Problem to solve:
From the first line to the last, copy the data exactly and drop the pictures.

Dataset content:
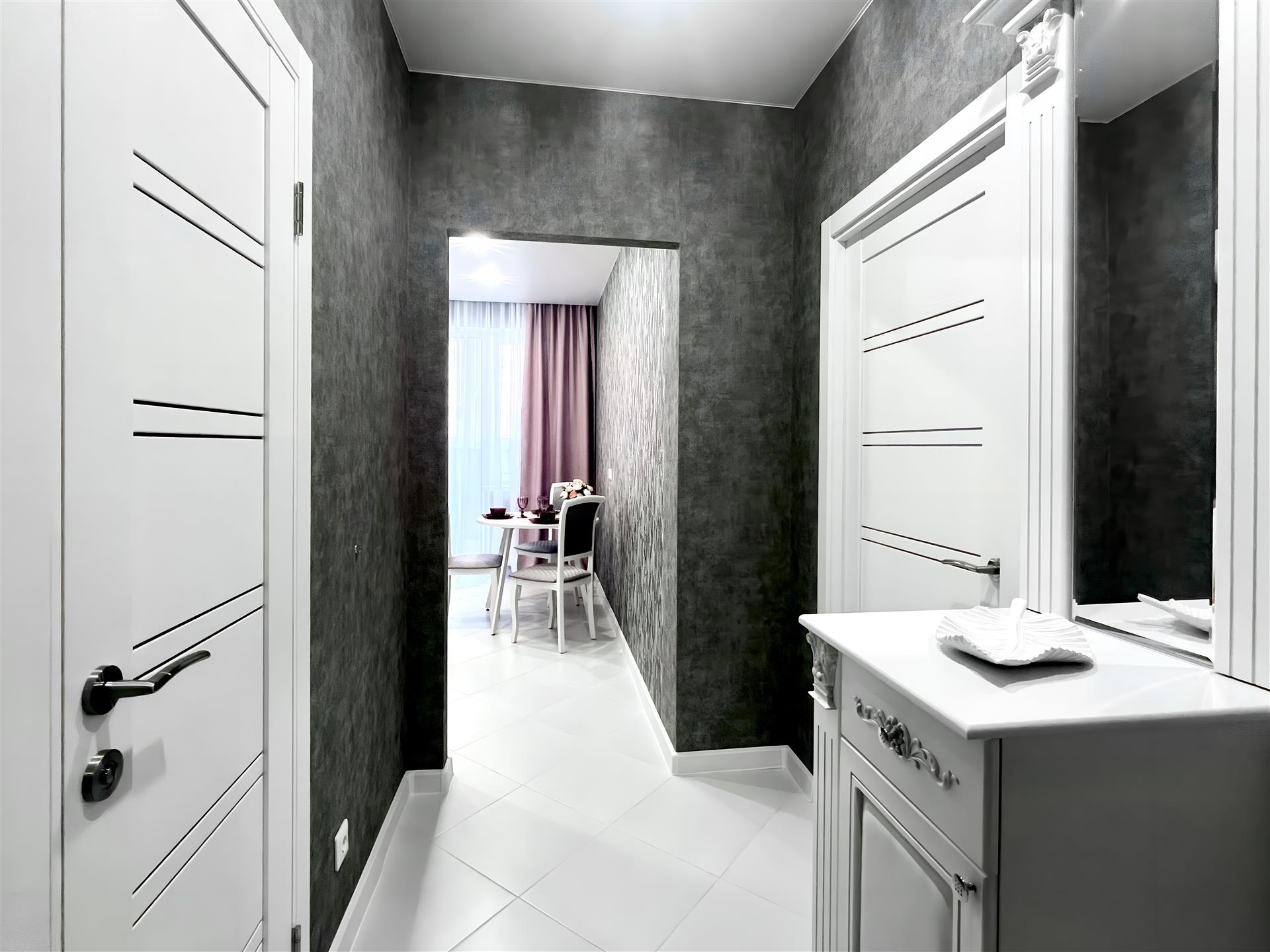 Фото №10: 1-комнатная квартира 39 м² - Краснодар, Карасунский внутригородской округ, жилой комплекс Мелодия, мкр. Гидростроителей, ул. Гидростроителей, 59/2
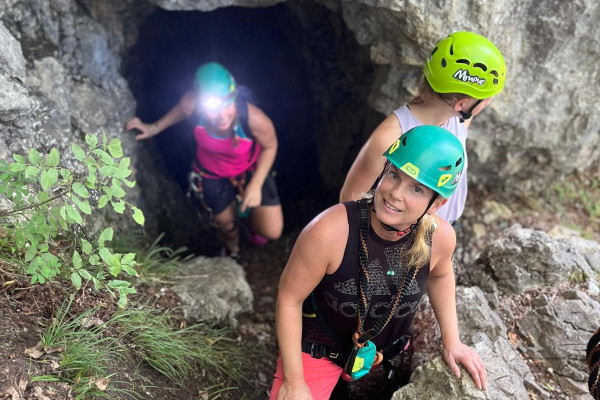 Via ferrata delle Laste e Cima Rocca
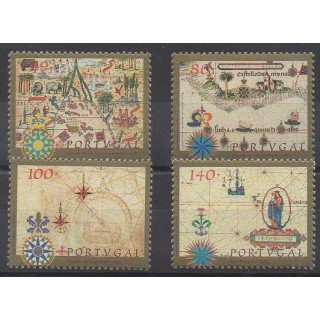 Buy this set of stamps of Portugal of the year 1997 (Nb 2192/2195).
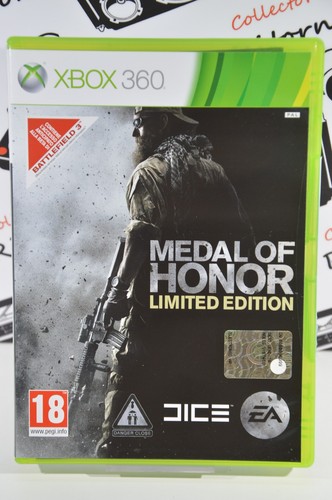 Medal honor limited edition - medal,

Response:
 Фото №10: 1-комнатная квартира 39 м² - Краснодар, Карасунский внутригородской округ, жилой комплекс Мелодия, мкр. Гидростроителей, ул. Гидростроителей, 59/2
 Via ferrata delle Laste e Cima Rocca
 Buy this set of stamps of Portugal of the year 1997 (Nb 2192/2195).
 Medal honor limited edition - medal,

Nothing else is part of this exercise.